Committees who had announced bids to host the 2013 Worldcon included "Zagreb in 2013", "Texas in 2013" (San Antonio), and a hoax bid for "Minneapolis in 5773". Only "Texas in 2013" qualified to be on the official ballot. As such, Texas' bid to host the Worldcon was formally unopposed and won in balloting among members of Renovation, the 69th World Science Fiction Convention, held in Reno, Nevada, in August 2011. With 760 valid ballots cast, Texas received 694 votes beating out No Preference with 25 and None of the Above with 14. Write-in candidates included Xerpes with 6, Minneapolis with 5, Denton with 5, Boston with 3, and a number of single-vote entries.

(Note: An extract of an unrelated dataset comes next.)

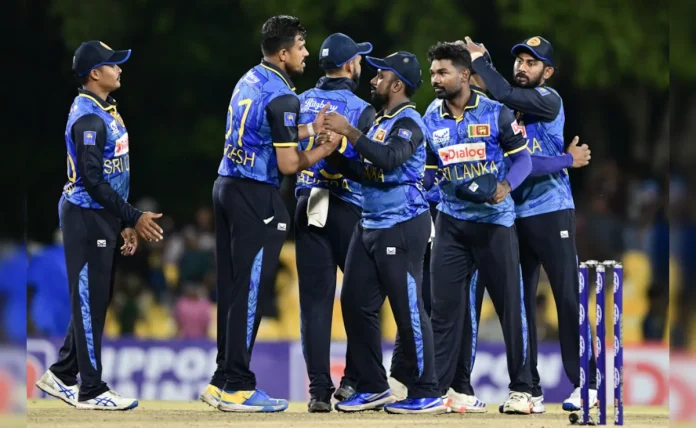 Sri Lanka Seals ODI Series Win Against New Zealand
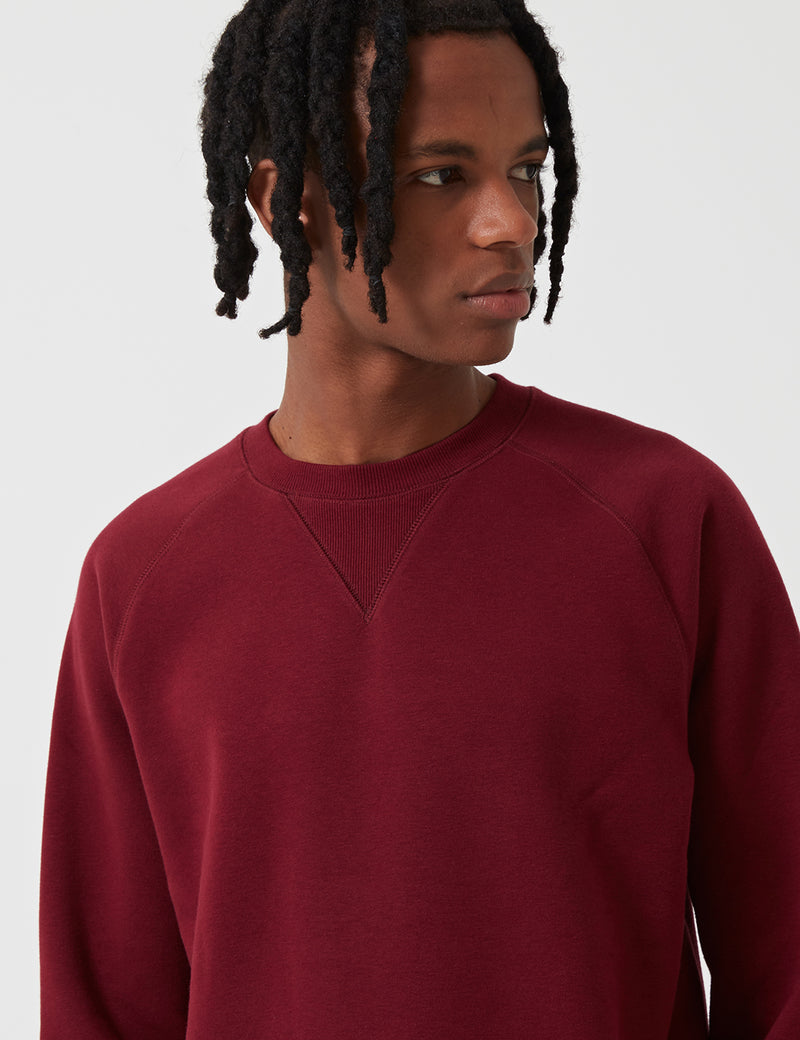 Sweat Carhartt-WIP Chase - Mulberry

=== Future site selection ===

==== 2015 Worldcon ====

Three committees announced bids and qualified to be on the site selection ballot for the 73rd World Science Fiction Convention: "Helsinki in 2015" to be held August 6–10, 2015, "Spokane in 2015" to be held August 19–23, 2015, and "Orlando in 2015" to be held September 2–6, 2015. The first contested Worldcon selection since the 2006 vote for the 2008 Worldcon site saw active campaigning and drew celebrity endorsements.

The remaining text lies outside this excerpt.